◆ **WORK TO BE COMPLETED**
From the line with "bedroom with baseboards" to the line with "Michael Monroe singing", retype each line exactly as it stands in the records below, but skip the pictures.

_ _ _ _

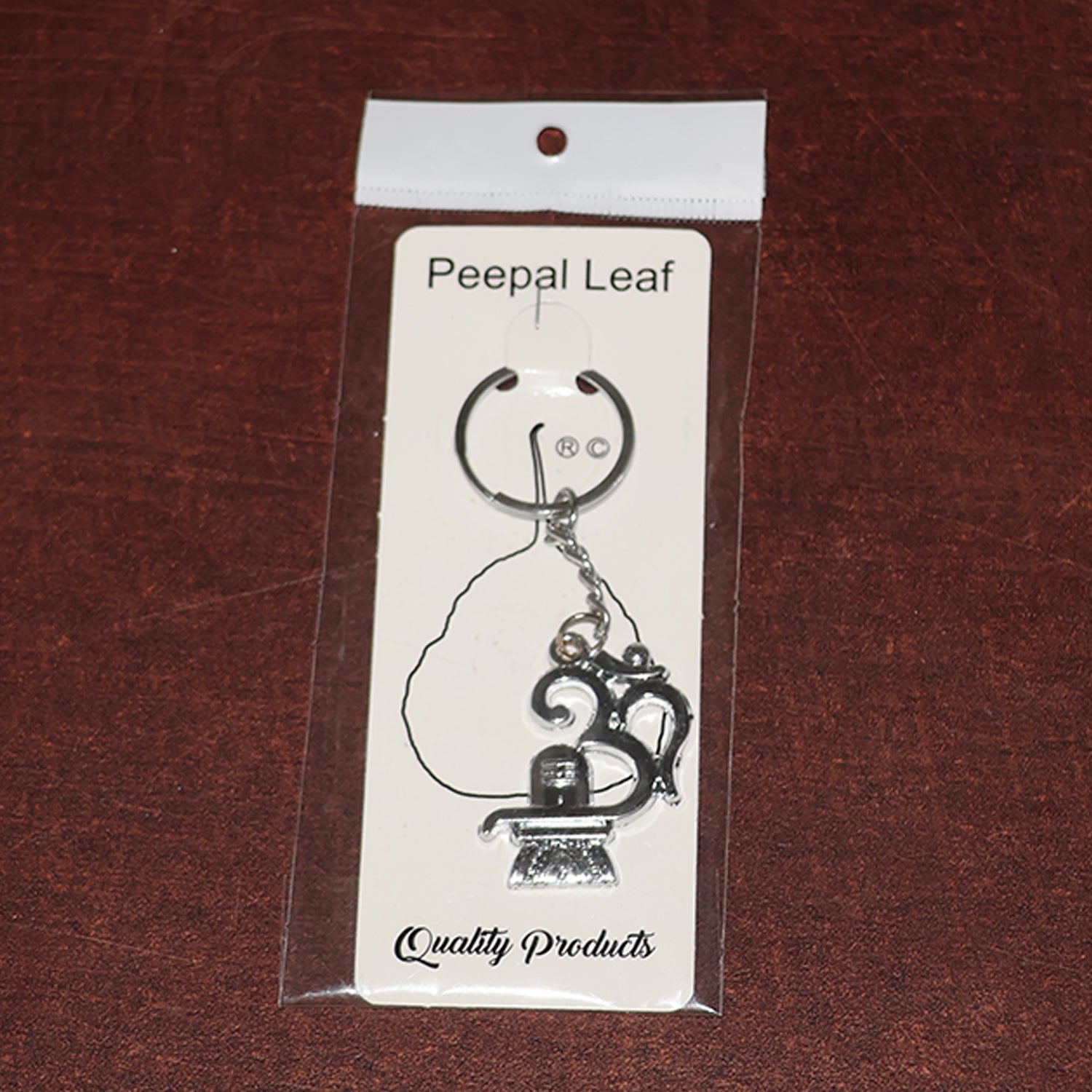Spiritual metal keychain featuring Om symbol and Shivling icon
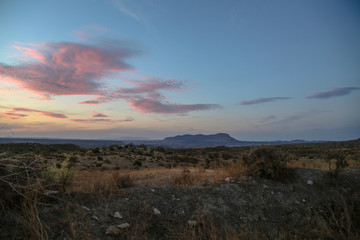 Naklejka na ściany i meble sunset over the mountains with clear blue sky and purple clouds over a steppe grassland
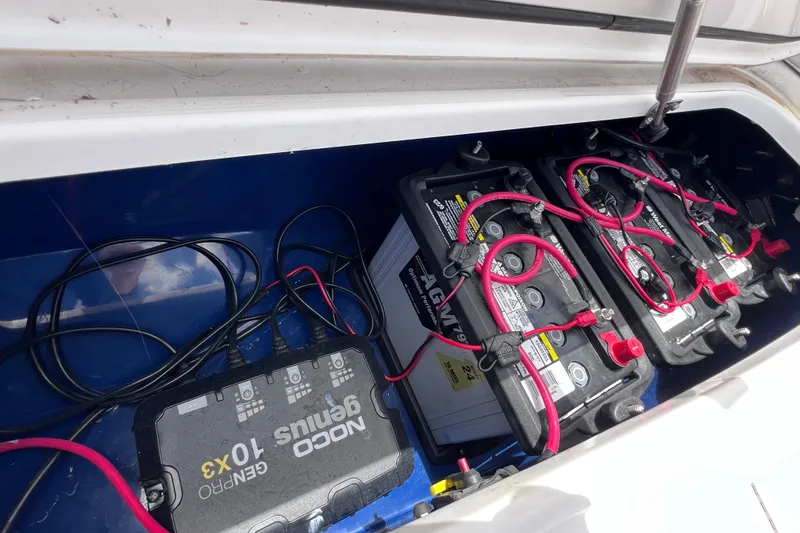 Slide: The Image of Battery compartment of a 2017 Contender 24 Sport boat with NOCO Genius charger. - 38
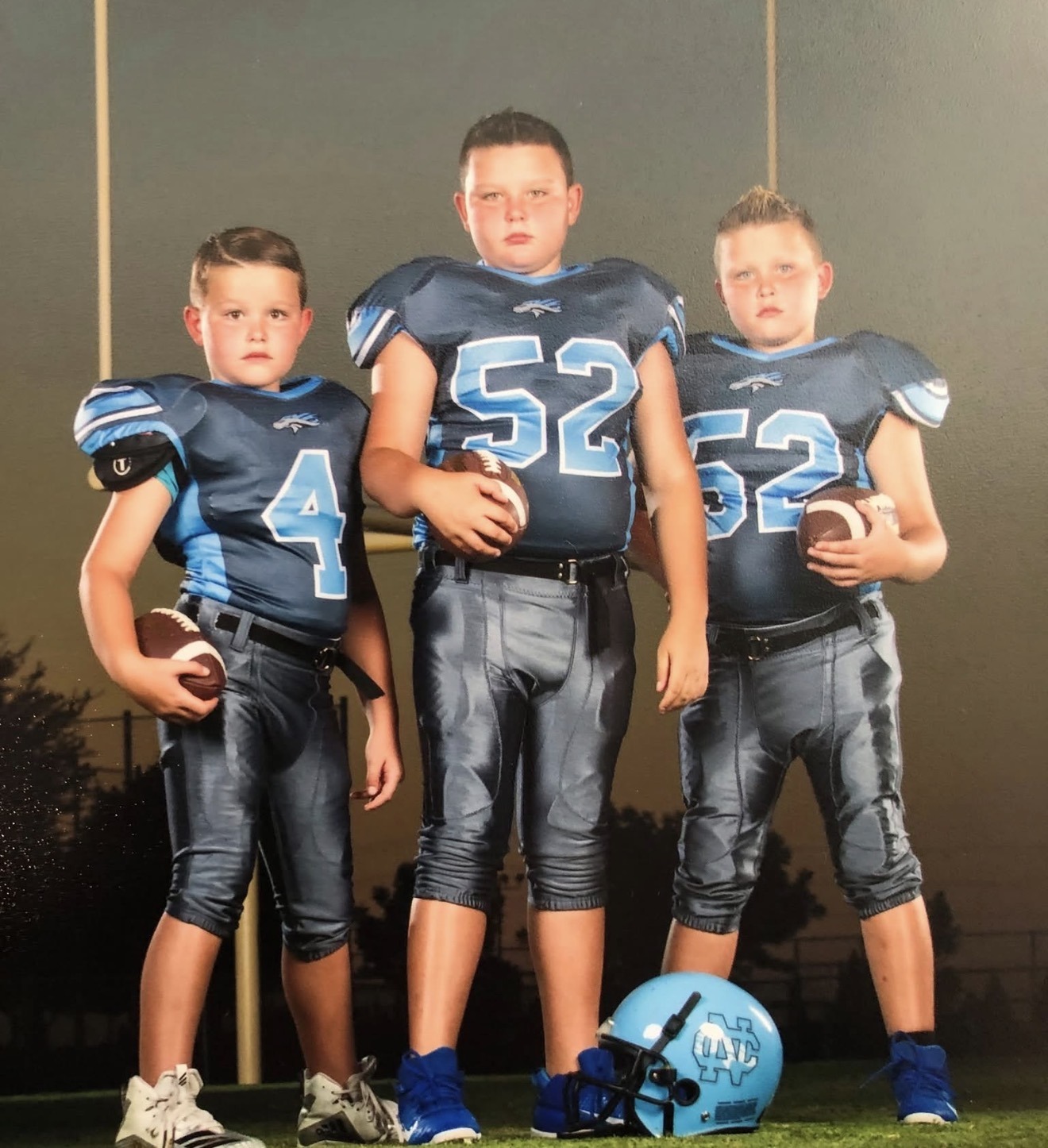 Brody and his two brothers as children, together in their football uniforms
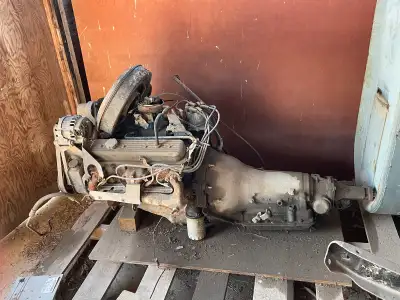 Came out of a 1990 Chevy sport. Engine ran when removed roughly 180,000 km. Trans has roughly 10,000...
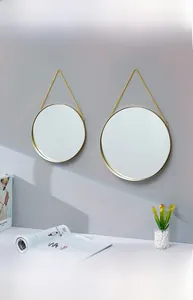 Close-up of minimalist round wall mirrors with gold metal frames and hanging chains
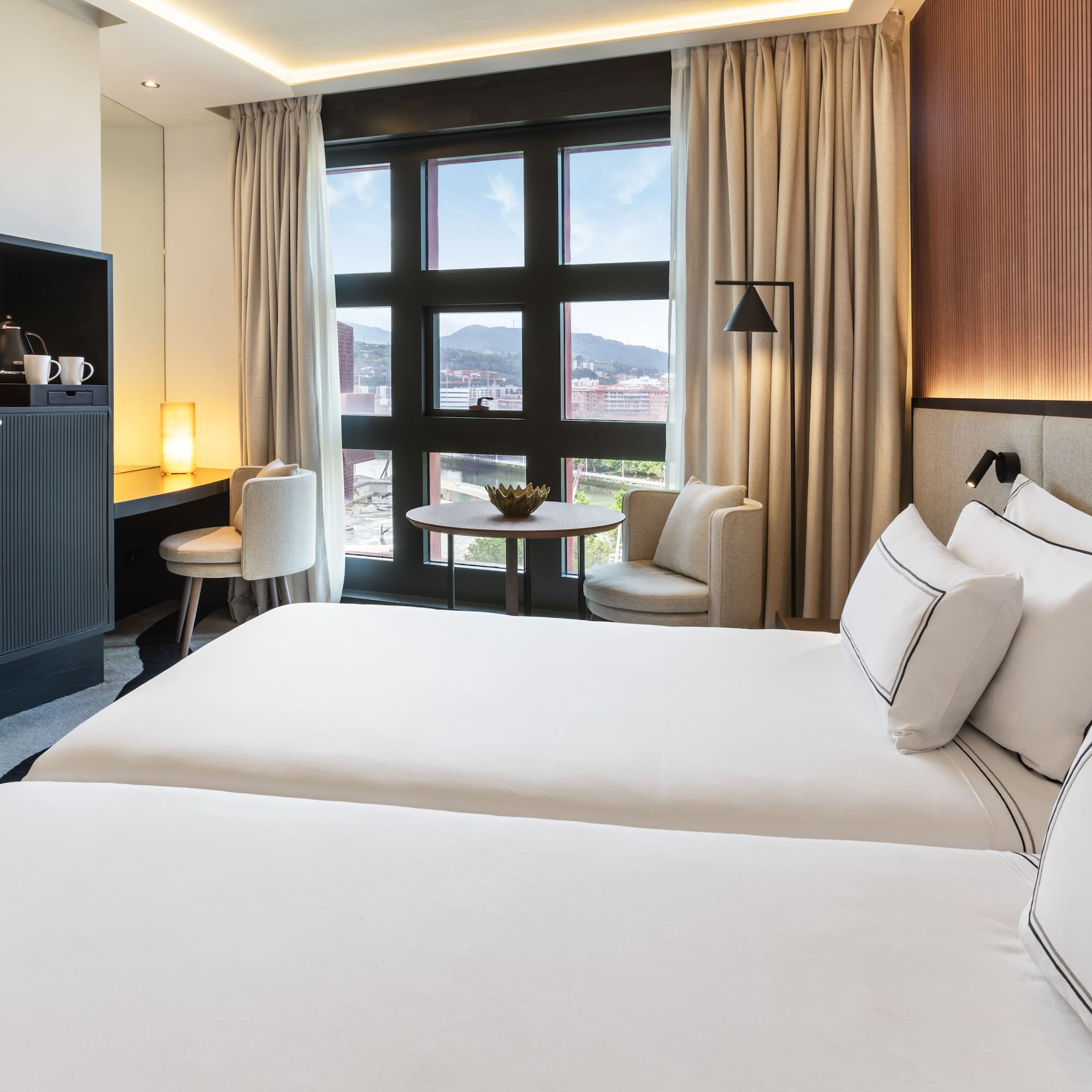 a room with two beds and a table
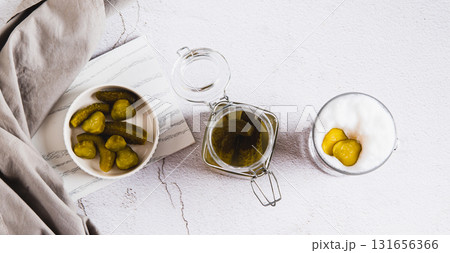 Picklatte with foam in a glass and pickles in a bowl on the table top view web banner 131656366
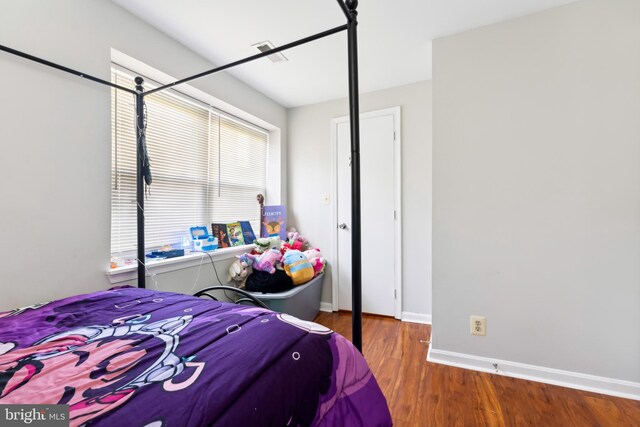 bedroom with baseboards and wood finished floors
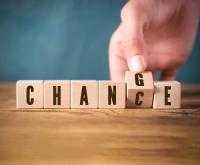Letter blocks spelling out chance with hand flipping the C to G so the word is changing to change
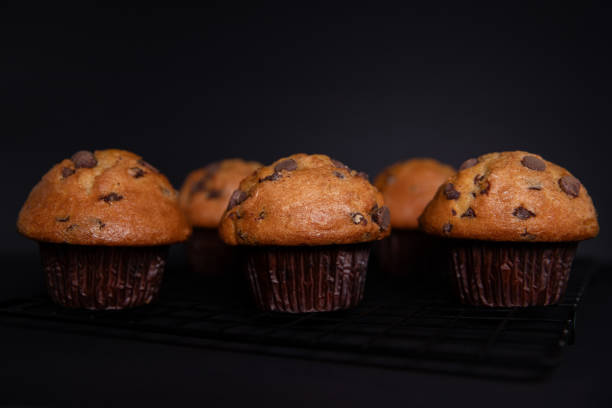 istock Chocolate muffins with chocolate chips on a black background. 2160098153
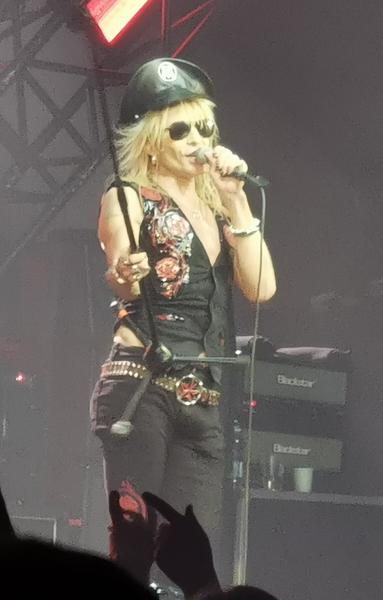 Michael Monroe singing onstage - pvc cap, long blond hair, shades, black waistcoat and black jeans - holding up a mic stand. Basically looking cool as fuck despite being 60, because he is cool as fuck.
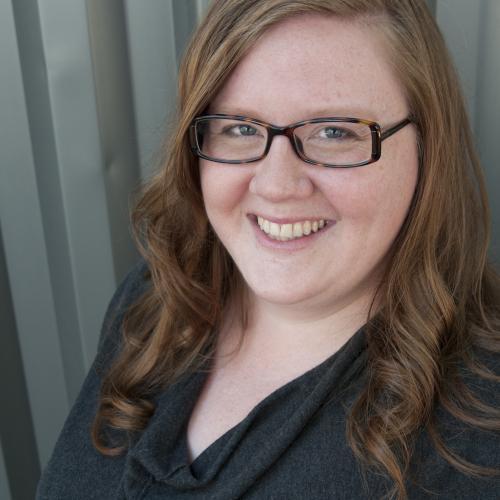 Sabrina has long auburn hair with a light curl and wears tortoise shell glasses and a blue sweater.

_ _ _ _

◆ **EXERCISE RESULT**
 bedroom with baseboards and wood finished floors
Letter blocks spelling out chance with hand flipping the C to G so the word is changing to change
 istock Chocolate muffins with chocolate chips on a black background. 2160098153
 Michael Monroe singing onstage - pvc cap, long blond hair, shades, black waistcoat and black jeans - holding up a mic stand. Basically looking cool as fuck despite being 60, because he is cool as fuck.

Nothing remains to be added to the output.